**About this task**
When you reach the line containing "Apartamento Waterfront Lake" in the records below, start copying exactly, and stop once you have copied the line containing "Photo of F-GTAU".

**Exercise material**
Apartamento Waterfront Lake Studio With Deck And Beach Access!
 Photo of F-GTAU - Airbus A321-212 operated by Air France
* * *
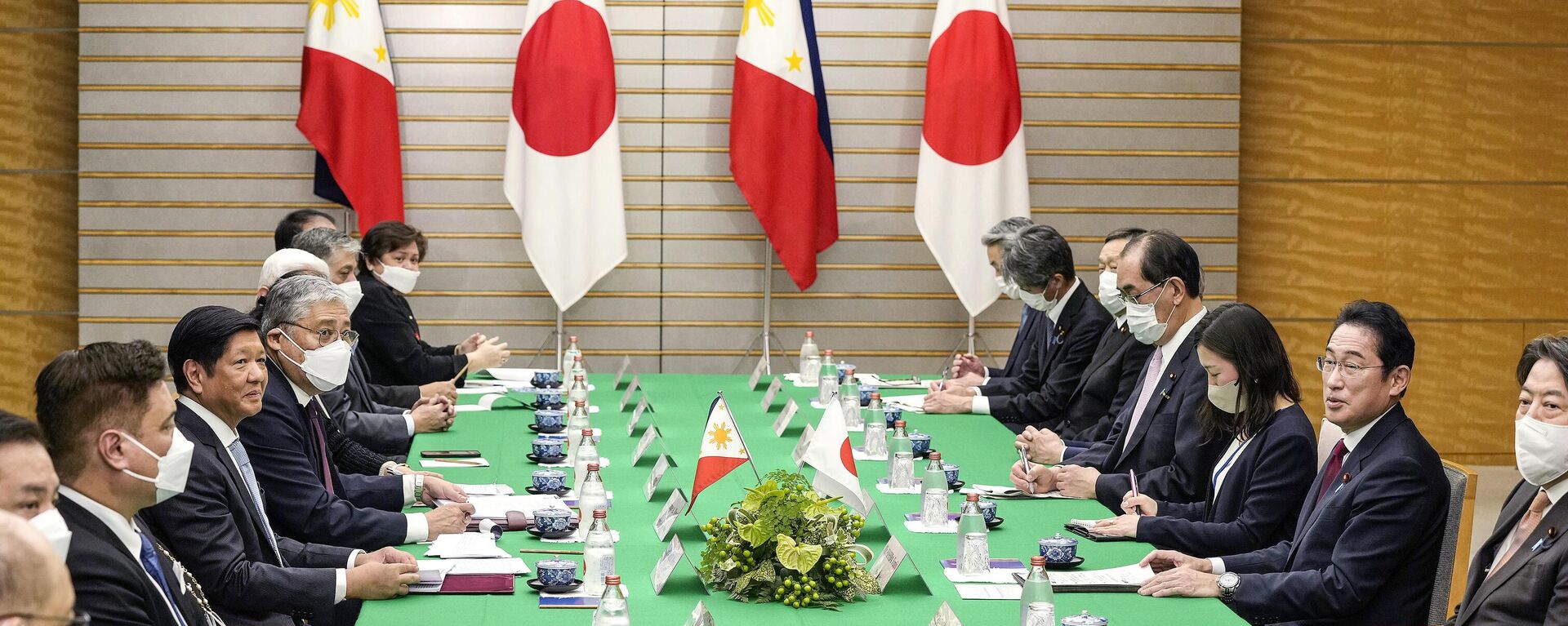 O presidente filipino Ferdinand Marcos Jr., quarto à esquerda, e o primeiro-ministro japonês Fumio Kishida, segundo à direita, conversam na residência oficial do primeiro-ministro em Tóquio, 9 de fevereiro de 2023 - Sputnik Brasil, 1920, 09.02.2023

**Written answer**
Apartamento Waterfront Lake Studio With Deck And Beach Access!
 Photo of F-GTAU - Airbus A321-212 operated by Air France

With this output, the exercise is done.